Дякую за гарне пояснення, Орліне.


----------



## francisgranada

jazyk said:


> Among Slavic languages, probably only the Eastern ones (Russian, Belorussian and Ukrainian) don't use the verb to be in the present tense, all others do.



I agree. But the proper phenomenon, at least partially,  exists in the western slavic languages, too (in dialects but also in the colloquial speach).

Examples from an eastern Slovak dialect:
_Ja učiteľ _  (I am a teacher)
_Vun ňedobry čľovek_   (He is not a good man)
_My tyž ľudze_  (We are also people)
_Mi (ja) bul_ (I was, instead of the standard Slovak _ja som bol_)

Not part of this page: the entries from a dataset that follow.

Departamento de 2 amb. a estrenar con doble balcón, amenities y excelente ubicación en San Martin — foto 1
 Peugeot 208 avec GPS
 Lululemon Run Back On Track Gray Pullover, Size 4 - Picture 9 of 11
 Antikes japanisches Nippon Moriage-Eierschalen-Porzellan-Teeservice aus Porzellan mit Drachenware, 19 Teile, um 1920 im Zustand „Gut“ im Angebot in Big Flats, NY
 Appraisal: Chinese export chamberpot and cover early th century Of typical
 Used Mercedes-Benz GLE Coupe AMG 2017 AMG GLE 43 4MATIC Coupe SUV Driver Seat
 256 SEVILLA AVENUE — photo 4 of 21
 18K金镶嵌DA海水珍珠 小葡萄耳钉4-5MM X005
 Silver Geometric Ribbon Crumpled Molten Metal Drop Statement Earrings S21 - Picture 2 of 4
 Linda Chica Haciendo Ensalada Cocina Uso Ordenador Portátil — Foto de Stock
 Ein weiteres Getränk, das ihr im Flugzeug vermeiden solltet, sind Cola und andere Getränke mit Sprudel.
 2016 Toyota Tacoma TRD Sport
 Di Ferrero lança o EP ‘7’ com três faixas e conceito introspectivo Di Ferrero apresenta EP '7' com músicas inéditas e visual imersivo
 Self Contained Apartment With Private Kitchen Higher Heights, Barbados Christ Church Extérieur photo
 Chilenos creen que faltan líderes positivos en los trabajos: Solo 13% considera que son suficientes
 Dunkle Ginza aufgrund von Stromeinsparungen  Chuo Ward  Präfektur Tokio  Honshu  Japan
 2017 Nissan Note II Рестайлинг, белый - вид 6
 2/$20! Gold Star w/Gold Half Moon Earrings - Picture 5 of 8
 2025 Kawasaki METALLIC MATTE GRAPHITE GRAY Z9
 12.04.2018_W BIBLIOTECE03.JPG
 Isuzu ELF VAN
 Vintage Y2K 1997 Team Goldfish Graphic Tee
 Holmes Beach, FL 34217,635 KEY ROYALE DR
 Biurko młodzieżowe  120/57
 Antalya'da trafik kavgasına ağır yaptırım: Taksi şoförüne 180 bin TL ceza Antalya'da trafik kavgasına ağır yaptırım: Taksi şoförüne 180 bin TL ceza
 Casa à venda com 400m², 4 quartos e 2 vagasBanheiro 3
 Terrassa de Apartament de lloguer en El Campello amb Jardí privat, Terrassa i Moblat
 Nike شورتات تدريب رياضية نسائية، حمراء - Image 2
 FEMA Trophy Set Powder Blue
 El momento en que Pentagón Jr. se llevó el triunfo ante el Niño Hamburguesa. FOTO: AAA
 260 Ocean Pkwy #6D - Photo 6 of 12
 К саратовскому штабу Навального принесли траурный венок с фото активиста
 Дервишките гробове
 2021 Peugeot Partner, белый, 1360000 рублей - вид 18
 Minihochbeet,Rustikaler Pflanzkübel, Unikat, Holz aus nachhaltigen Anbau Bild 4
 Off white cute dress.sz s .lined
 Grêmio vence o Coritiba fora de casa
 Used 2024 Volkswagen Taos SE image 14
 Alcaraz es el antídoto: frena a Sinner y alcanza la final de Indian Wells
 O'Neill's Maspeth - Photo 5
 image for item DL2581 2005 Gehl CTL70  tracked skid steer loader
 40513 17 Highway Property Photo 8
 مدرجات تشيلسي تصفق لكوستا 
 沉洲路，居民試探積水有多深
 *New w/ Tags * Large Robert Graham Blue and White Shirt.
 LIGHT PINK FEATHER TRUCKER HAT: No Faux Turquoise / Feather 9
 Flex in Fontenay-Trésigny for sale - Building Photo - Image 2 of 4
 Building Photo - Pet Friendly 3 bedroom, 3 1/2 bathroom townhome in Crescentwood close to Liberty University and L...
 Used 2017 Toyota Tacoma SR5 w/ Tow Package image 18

Similar constructions can be found also in the Polish and Czech languages (though I don't know whether they are "officially" considered incorrect or not).


----------



## savetier

francisgranada said:


> Similar constructions can be found also in the Polish and Czech languages (though I don't know whether they are "officially" considered incorrect or not).



Yes, also in Polish you can drop the copola, but in literature language it is only allowed in constructions like: 

 Piotr jest dobrym człowiekiem = Piotr, to dobry człowiek.
[Peter is a good person]


----------



## Ukrainito

I believe the omission of the copula *быть/бути* in the present tense found in modern East Slavic languages may have to do with that fact that, for centuries, our ancestors had a lot of contacts with various Turkic-speaking peoples (Tatars, Turks). The *to-be *copula is not found in the present tense in either Turkish or Tatar.


----------



## er targyn

It's unlikely.


----------



## iobyo

Do East Slavic languages allow for inversion?

Could _книга хорошая _also be interpreted as 'a good book'?


----------



## Ukrainito

iobyo said:


> Do East Slavic languages allow for inversion?
> Could _книга хорошая _also be interpreted as 'a good book'?



Theoretically, it's possible. However, in practive, the *noun+adjective*, as in the above example, is percieved as a phrase with the omitted copula rather than a simple word combination.

*хорошая книга = добра книга = (a) good book

книга хорошая = книга(та) е добра = (the) book is good
*


----------



## jazyk

> Similar constructions can be found also in the Polish and Czech  languages (though I don't know whether they are "officially" considered  incorrect or not).


I hear this in Czech only in the past tense with an expressed subject: My tam byli. Já nebyl spokojený, etc. It's not considered standard, though.


----------